妹の身代わりで嫁いだ姫は、ヤンデレなはずの皇王にとろ甘に溺愛される(旧 ヤンデレ皇王のつがいはデレ改革をお望みです ~加虐系ヤンデレはデレデレにデレチェンジ~)

10.竜の王

「なに、これ……」

 ソファーに座り、歴史書読みふけっていたシルディアが書物から顔を上げた。
 そして急いで読み終わった歴史書を広げる。
 半日かけて目を通した何冊もの書物に共通点を見つけた。

「やっぱり。
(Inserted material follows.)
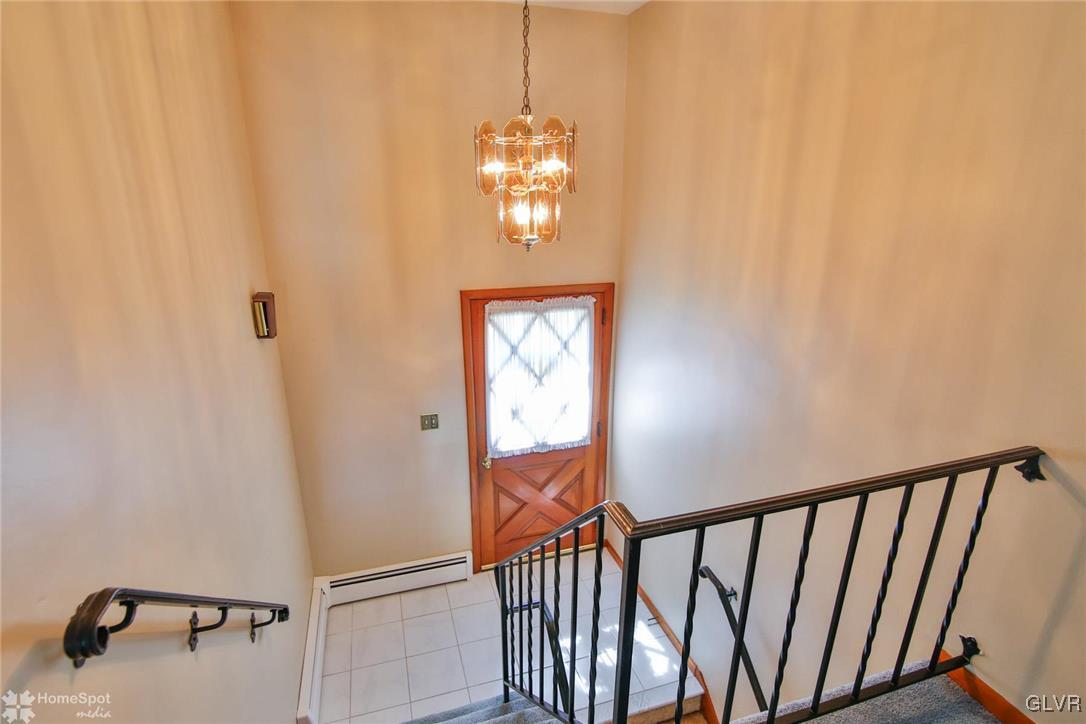 2872 Ivanhoe Road Bethlehem, PA 18017 - Photo 8 of 36 Gallery Image 8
竜の王として生まれた皇族のほとんどが、二十歳にならずに死んでる……」
「竜の王は、神話の時代から皇族の中に生まれる。竜の王になる者は、身に宿す魔力が膨大なため、魔力の制御ができなければならない。と言われています」

 丁度紅茶を淹れたヴィーニャが戻ってきた。
 彼女の言葉になるほどと頷いた。

「魔力の制御が上手い人だけが生き残れるってこと? 効率悪すぎない?」
「それもそうですね」
「一つ質問なんだけど」
「なんでしょう?」
「魔力が多かったら何が起きるの?」

 シルディアは皇国の人間ではない。
 そのため、皇国では当たり前に知られていることも知らないのだ。

「そうですね……。まず全身を巡る魔力が魔力細胞を破壊します」
「破壊!? 破壊された魔力細胞は治るの?」
「はい。治ります。そのため、治っては破壊されるという地獄のような痛みが体中を襲いますね」
(地獄のような痛み……?)

 覚えのある症状にヴィーニャへ続きを促した。